Jon Corzine, the CEO of MF global, when testifying before Congress recently, was unable to explain what happened to the money. And he was somewhat evasive when talking about it. (Click on the picture of Corzine to the right to watch the testimony.)
William Black, a law-school professor, former prosecutor of malefactors in the Savings and Loan scandal of the 80′s, and author of The Best Way to Rob a Bank is to Own One, recently appeared on the public radio program, On Point with Tom Ashbrook, and explained that we have set up a system in which people receive giant bonuses for taking huge risks with other peoples’ money when these bets pay off but pay little or no price when their casino-like gambling comes a cropper. (You can hear the On Point interview online at The Lessons of MF Global.)

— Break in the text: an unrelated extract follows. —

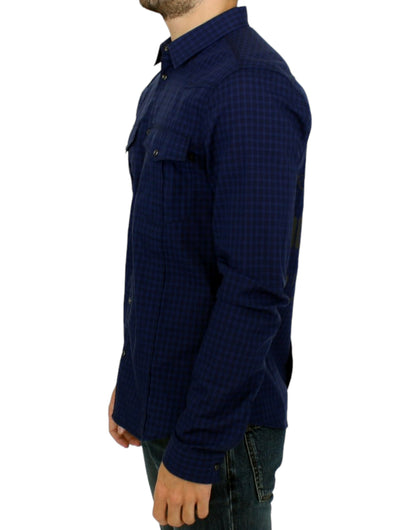 Costume National Chic Blue Checkered Casual Cotton Shirt - IT48 | M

No doubt, there are people who nevertheless act responsibly, making sure that they do not put the company at risk. But others do not exercise such restraint. From their perspective, they would be fools to do so. In their minds, it would be like turning a possibly lost suitcase containing $100,000 into the police. It might be wrong to keep the money, perhaps, but since it’s easy to get away with, let’s go for it.
As Black explains in a short video interview, if top-level leadership (in this case Jon Corzine) allows or encourages such behavior, those who do not play along–the good guys–get ostracized or fired. A culture of gambling and fraud develops.
We will not stop this kind of system-threatening behavior until we increase the costs of such bets high enough to focus the minds of top executives. (In a recent post, Getting Away with Grand Theft Economy, I discussed the failure of the Justice Department to use the Sarbanes-Oxley Act as a basis for prosecuting CEO’s and CFO’s from Countrywide and other companies that appear to have filed misleading financial statements. Rules are not enough. They must also be enforced.)
Or, perhaps we should try Jayne Barnard’s suggestion to reintegrate shaming in response to corporate misdeeds.
As William Black says, we must eliminate the perverse incentives that encourage bad behavior.
Neuroscience and psychology have made great contributions to the science of ethics in recent years, helping us better understand why good people do bad things. But we don’t need state-of-the-art science to tell us that perverse incentives will attract enough people willing to do stupid or venal things that seriously damage the rest of us. We’ve known that since Socrates and Plato and before.
Those responsible for the development and operation of organizations would do well to apply this lesson at the micro-economic level as well.